Menurut Ketua Tim Studi NSEAS, Muchtar Effendi Harahap menyampaikan, NSEAS dalam telaahnya mencoba ungkap kinerja jokowi dalam kurun waktu 3,5 tahun dalam mengurus pendidikan. Menurut Muchtar, salah satu standar kriteria evaluasi kritis kondisi kinerja Jokowi yang dapat digunakan selain janji-janji lisan Jokowi sewaktu kampanye Pilpres 2014 juga janji-janji tertulis yang disampaikan kepada rakyat Indonesia.
Baca Juga:
- Hari Pendidikan: 5000 Pelajar Kampanye Stop Ujaran Kebencian, Wujudkan Pendidikan Berkeadaban
- Hari Pendidikan Nasional: Darurat Wawasan Kebangsaan
- Di Hari Sarjana Nasional 2017, STAINU Temanggung Soroti Pendidikan pra-Sekolah
- Hari Sarjana Nasional, Semua Guru PAUD Wajib Minimal Berpendidikan S1
- DPRD Jatim Minta Pendidikan di Madura Ditingkatkan
“Standar kriteria evaluasi kritis kondisi kinerja Jokowi urus pendidikan bisa juga janji-janji tertulis tertuang di dlm dokumen NAWA CITA. Jokowi berjanji membangun pendidikan kewarganegaraan, mengevaluasi model penyeragaman dalam sistem pendidikan nasional, memberikan jaminan hidup yang memadai bagi para guru khususnya di daerah terpencil, memperbesar akses warga miskin dapat pendidikan tinggi, dan emprioritaskan pembiayaan penelitian yang menunjang iptek,” urai Muchtar seperti dikutip dari catatan hasil studinya, Jumat (18/5/2018).
Muchtar mengatakan, pendidikan kewarganegaraan kepada masyarakat madani sangat penting untuk pendidikan politik dan membangun sikap nasionalisme dan partisipasi politik warga dalam masalah-masalah kenegaraan. Namun, dalam kenyataannya tidak ada bukti Pemerintahan Jokowi secara nasional, terprogram, dan massif melaksanakan pendidikan kewarganegaraan baik dalam bentuk kegiatan pelatihan, kursus, diskusi publik, diskusi panel, lokakarya/workshop, seminar, FGD (Focused Group Discussion), dll. “Jokowi telah ingkar janji dalam hal pendidikan kewarganegaraan ini. Kinerja buruk,” ujasnya.
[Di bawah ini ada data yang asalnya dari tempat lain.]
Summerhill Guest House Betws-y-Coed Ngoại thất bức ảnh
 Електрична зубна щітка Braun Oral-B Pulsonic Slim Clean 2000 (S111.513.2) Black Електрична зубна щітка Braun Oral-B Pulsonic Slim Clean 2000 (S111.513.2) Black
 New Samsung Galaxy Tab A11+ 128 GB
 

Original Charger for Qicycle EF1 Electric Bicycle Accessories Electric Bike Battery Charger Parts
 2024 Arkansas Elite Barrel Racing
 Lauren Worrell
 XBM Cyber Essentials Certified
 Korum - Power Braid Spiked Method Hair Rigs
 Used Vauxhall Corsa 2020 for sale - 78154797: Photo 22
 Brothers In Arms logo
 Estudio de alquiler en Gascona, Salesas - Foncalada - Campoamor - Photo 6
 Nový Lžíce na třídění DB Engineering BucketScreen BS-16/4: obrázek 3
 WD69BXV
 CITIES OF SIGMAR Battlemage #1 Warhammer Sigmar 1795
Soal evaluasi model penyeragaman dalam sistem pendidikan nasional, lanjut Muchtar, belum ada info atau data resmi pemerintah telah melaksanakan evaluasi model penyeragaman pendidikan ini, termasuk apa hasil evaluasi tsb. “Untuk sementara ini, kita boleh menilai, Jokowi tidak laksanakan janji,” kata dia.
Begitu pula dengan janji jaminan hidup yang memadai bagi gurul. “Janji ini sangat baik untuk pemerataan guru di seluruh Indonesia. Namun, belum ada data sudah berapa banyak guru di daerah terpencil memperoleh jaminan hidup yang memadai, atau jumlah gaji atau honorarium yang diterima guru. Janji ini masih gelap realisasinya,” ungkapnya.
Apalagi untuk memperbesar akses warga miskin untuk mendapatkan pendidikan tinggi, lanjut Muchtar, janji tersebut sangat baik untukmeningkatkan taraf hidup keluarga miskin, namun dalam kenyataannya, perguruan tinggi negeri (PTN) dengan penerapan manajemen keuangan berdasarkan Badan Layanan Umum (BLU) justru biaya kuliah semakin meningkat yang hanya dapat dijangkau masyarakat klas menengah atas.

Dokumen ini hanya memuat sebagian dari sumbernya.